Me encanta la bicicleta porque es un medio silencioso, que permite recorrer distancias notables sin aislarte del entorno. Puedes escuchar, mirar, pararte, oler... También a pie, pero es difícil llegar tan lejos. Han sido 110 km de una experiencia excelente. Desde aquí agradezco a quienes mantienen esas vías verdes, esos paseos naturales, que nos permiten conocer la belleza de nuestros paisajes, apreciar lo que nos rodea y disfrutar lo que Dios nos regala.
Me venía a la cabeza esta idea en los últimos días, en los que he estado disfrutando del paseo en bicicleta a lo largo de dos vías verdes que atraviesan el centro-oeste de la Península: el camino natural de las Vegas del Guadiana y la vía verde de la Jara. Ambas son muy recomendables para quienes aprecian el paisaje, en España casi siempre imbricado de acción humana y presencia natural. Las dehesas de un verdor agradecido en esta época del año, las encinas recien rebrotadas, los matorrales mediterráneos -la jara, el espliego, la retama-, adornadas con sus mejores flores. Todo eso es evidente a la vista, incluso al viajero menos contemplativo. Sin embargo, no resulta tan obvio apreciar la belleza de los sonidos, quizá porque vivimos en una sociedad que huye despavorida del silencio. Una primavera silenciosa sería ciertamente muy trágico: sin las aves que nos observan desde la altura, se interrumpirían muchos ciclos naturales que nos acabarían afectando irremediablemente. Pero las aves, como cualquier otro elemento de la naturaleza, no sólo sirven para servirnos. Está ahí porque Dios ha querido que estén, porque forman una parte imprescindible del concierto de la vida: sin ellas no habría orquesta, nada sonaría igual. Necesitamos apreciarlas, escucharlas, pensar en lo que nos transmiten. Deberíamos escuchar más a menudo, no sólo a otras personas, no sólo a músicas grabadas en aparatos más o menos sofisticados. Escuchar los sonidos del ambiente, abrirnos al exterior, reconocer que hay belleza, vida, complemento de nuestra propia existencia más allá de nosotros mismos, de nuestros limitados intereses.

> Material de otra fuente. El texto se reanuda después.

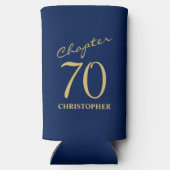 70e verjaardag blauw goud seltzer blikjeskoeler (Achterkant)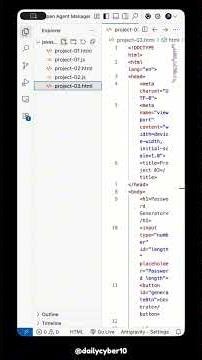 JavaScript Project | Day 03 #dailycyber #javascript #javascripttutorial #javascriptbasics #tutorial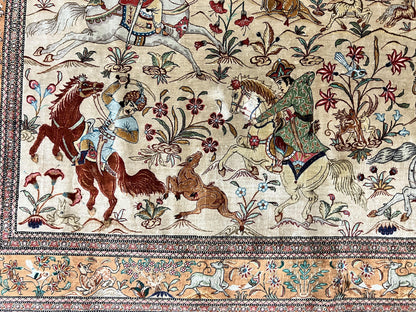 Silk Persian Qum Rug 3x5, Hunting Pattern, Handmade Vintage Carpet, Signed by Master Weaver, Horsemen Pictorials, Super Fine 650 KPSI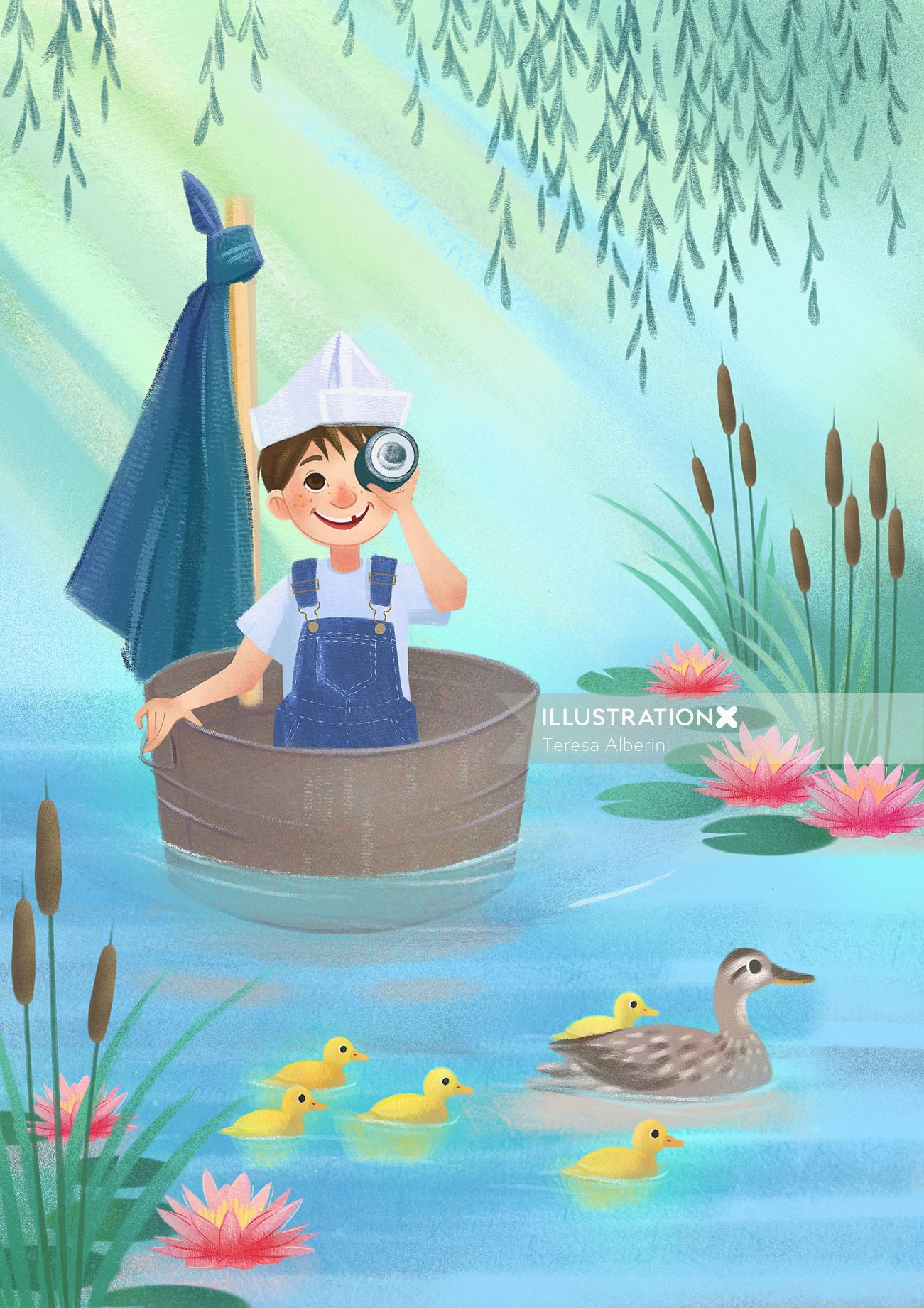 children's book, little explorer, adventure, river, ducks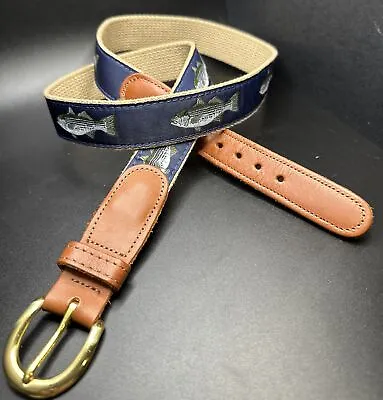 Men's Preston Nautical Blue Striper Fish Brown Leather & Tan Canvas Belt Size 40 • $19.99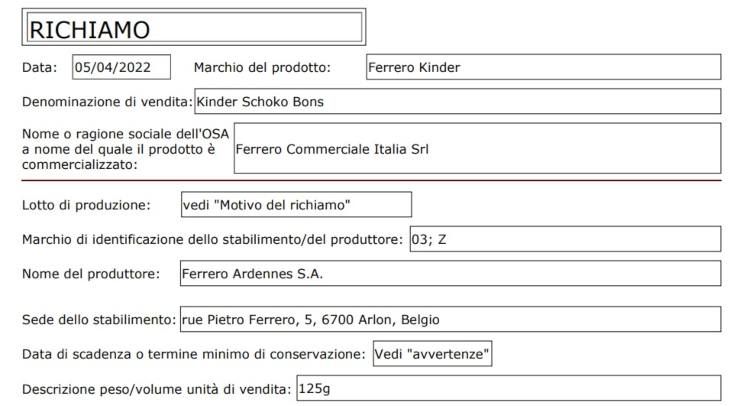 richiamo alimentare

Me encanta la bicicleta porque es un medio silencioso, que permite recorrer distancias notables sin aislarte del entorno. Puedes escuchar, mirar, pararte, oler... También a pie, pero es difícil llegar tan lejos. Han sido 110 km de una experiencia excelente. Desde aquí agradezco a quienes mantienen esas vías verdes, esos paseos naturales, que nos permiten conocer la belleza de nuestros paisajes, apreciar lo que nos rodea y disfrutar lo que Dios nos regala.